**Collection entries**
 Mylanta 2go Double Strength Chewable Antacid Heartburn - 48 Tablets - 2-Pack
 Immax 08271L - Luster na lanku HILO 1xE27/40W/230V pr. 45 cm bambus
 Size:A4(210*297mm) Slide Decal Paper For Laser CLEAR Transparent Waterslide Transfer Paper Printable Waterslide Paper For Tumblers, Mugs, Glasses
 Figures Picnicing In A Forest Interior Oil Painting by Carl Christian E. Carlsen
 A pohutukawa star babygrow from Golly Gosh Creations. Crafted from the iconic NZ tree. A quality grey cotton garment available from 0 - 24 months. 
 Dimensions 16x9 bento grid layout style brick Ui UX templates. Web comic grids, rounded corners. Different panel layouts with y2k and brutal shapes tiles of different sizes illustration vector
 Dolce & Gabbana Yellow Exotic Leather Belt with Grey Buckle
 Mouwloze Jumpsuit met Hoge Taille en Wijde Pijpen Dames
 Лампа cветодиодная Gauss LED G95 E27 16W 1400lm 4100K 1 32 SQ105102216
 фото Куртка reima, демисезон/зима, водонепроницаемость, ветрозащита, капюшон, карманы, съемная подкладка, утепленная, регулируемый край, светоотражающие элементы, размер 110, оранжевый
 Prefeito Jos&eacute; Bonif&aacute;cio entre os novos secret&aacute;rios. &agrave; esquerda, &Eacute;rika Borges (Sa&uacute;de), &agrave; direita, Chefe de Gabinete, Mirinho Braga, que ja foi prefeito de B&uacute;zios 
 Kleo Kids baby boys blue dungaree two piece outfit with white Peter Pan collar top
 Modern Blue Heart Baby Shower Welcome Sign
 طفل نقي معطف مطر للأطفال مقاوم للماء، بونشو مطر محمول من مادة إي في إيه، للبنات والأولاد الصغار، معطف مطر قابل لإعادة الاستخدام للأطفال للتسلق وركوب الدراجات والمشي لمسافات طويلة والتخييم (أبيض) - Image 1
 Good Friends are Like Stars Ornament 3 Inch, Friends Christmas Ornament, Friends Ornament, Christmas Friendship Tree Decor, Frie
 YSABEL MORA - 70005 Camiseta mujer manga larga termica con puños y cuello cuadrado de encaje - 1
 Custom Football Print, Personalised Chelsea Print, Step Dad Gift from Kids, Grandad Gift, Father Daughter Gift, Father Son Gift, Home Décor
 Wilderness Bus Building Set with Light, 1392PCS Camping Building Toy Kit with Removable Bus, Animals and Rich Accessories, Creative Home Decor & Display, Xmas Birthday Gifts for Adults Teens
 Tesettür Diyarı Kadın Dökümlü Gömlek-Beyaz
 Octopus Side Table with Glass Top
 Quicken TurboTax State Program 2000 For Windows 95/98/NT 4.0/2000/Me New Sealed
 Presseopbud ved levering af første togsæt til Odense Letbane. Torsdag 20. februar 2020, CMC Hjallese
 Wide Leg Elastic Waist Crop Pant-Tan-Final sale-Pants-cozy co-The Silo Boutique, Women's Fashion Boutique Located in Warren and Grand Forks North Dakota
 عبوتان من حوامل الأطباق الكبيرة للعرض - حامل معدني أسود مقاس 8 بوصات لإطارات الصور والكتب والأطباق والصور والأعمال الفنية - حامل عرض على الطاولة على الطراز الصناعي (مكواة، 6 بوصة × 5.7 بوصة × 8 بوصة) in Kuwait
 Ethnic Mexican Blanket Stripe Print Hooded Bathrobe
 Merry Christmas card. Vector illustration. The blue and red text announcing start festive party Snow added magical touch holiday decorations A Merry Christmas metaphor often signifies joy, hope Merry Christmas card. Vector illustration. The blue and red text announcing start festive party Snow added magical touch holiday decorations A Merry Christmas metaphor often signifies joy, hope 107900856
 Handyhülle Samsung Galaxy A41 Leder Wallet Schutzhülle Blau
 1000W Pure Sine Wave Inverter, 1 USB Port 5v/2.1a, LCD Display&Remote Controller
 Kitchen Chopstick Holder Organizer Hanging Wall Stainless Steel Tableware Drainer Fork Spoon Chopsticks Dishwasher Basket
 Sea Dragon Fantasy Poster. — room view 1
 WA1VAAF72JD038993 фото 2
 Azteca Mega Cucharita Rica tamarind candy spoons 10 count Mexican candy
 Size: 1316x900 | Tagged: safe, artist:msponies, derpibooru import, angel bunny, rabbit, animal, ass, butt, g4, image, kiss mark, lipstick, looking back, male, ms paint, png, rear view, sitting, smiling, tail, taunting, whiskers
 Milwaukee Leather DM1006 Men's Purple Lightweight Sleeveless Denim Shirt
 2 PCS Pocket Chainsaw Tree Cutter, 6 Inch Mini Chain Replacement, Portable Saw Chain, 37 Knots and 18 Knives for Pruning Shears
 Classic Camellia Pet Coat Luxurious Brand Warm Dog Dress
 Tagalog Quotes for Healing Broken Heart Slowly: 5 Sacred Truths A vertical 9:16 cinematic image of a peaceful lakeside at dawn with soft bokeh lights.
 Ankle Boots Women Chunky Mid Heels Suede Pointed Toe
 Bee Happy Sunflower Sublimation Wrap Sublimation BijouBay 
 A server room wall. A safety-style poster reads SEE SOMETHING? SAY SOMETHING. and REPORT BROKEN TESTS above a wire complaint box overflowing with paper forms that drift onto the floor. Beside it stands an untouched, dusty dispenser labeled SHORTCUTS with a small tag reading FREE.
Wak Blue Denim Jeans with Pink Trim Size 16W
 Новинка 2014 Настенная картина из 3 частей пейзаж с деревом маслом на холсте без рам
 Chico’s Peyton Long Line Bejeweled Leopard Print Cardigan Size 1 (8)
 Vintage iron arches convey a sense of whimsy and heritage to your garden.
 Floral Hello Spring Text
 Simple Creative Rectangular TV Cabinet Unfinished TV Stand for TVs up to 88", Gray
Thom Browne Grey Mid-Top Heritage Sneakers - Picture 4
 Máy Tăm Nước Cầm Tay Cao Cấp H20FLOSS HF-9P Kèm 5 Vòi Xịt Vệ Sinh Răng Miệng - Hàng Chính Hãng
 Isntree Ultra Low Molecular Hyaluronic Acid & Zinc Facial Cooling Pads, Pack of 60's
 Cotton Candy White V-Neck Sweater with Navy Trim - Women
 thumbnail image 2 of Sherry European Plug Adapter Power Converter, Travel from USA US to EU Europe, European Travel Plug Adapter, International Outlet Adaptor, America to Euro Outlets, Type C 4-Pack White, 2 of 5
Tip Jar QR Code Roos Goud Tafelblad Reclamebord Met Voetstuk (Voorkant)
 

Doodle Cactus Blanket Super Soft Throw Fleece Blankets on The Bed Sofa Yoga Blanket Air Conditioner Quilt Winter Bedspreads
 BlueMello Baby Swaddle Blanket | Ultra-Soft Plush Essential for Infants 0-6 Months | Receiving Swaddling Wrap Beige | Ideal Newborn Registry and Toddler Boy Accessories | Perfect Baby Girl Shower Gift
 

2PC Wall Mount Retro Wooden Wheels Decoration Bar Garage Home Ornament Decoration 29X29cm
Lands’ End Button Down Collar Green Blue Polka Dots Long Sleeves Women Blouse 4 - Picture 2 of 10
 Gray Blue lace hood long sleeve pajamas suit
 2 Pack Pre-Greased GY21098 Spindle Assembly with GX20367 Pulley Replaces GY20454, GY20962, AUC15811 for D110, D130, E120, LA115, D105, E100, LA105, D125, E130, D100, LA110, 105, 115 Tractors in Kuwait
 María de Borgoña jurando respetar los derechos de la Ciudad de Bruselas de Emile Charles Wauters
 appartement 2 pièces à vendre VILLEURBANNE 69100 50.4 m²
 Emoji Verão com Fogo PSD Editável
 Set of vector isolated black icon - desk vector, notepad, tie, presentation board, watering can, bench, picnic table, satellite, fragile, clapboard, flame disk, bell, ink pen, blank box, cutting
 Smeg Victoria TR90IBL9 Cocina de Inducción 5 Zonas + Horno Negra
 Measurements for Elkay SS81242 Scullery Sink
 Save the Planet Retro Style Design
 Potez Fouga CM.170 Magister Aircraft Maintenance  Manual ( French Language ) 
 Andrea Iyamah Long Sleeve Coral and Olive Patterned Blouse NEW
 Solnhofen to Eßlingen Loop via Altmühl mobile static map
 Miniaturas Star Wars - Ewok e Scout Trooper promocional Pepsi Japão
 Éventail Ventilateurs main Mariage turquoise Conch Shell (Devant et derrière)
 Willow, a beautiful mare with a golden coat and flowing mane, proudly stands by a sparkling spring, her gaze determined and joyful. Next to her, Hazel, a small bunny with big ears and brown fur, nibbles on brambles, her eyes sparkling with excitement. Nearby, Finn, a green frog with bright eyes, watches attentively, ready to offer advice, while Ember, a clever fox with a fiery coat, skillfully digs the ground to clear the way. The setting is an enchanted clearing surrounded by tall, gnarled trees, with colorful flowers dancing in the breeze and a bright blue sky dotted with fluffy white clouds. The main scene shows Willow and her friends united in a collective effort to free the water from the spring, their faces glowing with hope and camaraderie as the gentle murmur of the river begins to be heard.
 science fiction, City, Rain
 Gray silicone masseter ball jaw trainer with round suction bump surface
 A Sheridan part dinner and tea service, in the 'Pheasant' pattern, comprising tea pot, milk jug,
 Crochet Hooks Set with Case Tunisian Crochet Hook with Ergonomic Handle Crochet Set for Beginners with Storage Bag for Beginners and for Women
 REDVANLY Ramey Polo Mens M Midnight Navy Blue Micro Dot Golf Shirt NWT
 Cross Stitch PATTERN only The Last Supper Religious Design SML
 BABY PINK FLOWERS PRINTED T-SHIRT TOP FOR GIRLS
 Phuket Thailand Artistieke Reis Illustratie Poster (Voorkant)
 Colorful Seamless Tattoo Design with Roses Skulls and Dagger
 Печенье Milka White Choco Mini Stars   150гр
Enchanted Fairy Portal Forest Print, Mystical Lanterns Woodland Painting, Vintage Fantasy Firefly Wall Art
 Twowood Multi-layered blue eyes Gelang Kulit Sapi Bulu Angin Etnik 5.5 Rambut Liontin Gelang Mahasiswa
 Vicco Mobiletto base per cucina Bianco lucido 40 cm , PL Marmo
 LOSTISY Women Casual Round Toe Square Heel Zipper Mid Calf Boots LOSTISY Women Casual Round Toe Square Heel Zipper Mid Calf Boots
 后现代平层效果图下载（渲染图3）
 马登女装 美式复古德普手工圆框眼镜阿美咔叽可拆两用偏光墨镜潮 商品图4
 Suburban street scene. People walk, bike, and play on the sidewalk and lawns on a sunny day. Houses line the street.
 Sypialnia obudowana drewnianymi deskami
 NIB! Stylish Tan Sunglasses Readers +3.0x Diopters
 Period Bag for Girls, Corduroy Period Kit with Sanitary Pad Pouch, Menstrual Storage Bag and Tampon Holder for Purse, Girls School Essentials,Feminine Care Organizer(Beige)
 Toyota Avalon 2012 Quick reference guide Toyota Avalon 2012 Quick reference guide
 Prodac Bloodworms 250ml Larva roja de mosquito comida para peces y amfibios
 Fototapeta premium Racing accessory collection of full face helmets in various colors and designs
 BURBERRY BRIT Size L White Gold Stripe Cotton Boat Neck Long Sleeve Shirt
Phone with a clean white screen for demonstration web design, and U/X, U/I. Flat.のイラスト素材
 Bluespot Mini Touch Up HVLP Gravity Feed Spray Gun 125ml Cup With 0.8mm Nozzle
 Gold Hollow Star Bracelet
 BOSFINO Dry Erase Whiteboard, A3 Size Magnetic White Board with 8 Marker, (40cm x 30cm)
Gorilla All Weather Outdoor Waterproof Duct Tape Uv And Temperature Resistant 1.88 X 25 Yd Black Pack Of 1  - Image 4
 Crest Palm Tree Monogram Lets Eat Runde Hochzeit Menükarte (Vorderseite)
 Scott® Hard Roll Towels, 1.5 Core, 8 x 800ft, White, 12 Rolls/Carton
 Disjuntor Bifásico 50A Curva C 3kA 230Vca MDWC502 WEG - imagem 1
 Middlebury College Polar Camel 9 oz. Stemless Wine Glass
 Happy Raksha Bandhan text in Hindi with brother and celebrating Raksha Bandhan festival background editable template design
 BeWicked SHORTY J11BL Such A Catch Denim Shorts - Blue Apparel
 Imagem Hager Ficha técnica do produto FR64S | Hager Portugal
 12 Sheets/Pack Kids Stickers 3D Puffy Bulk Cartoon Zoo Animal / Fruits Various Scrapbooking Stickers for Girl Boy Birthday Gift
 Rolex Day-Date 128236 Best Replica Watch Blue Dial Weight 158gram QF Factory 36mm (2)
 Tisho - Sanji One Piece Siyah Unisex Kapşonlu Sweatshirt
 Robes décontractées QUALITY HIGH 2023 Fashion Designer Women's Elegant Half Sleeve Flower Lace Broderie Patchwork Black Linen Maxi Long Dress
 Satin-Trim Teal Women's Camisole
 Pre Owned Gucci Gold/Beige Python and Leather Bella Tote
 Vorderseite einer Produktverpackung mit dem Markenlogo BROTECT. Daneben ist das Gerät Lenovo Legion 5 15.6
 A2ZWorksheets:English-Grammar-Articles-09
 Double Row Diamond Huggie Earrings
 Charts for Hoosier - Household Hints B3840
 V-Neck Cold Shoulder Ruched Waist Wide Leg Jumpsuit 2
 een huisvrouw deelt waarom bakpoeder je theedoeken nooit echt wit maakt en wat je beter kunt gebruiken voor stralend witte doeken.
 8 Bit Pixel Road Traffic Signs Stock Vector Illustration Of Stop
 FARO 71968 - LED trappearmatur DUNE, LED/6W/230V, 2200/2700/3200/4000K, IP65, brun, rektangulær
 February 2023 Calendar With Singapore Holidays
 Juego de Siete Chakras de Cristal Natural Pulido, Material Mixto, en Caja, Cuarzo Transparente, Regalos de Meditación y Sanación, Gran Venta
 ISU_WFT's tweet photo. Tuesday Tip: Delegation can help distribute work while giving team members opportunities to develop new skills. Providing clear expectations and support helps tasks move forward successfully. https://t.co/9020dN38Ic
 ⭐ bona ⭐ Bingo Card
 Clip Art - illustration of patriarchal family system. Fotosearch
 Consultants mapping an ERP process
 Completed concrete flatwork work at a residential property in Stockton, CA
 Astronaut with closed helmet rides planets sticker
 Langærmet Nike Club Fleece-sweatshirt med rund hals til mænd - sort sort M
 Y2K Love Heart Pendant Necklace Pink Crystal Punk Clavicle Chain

**Exercise details**
Working from the entries above, filter out every line that lacks "Trim" and copy what remains.

**Written solution**
Wak Blue Denim Jeans with Pink Trim Size 16W
 Cotton Candy White V-Neck Sweater with Navy Trim - Women
 Satin-Trim Teal Women's Camisole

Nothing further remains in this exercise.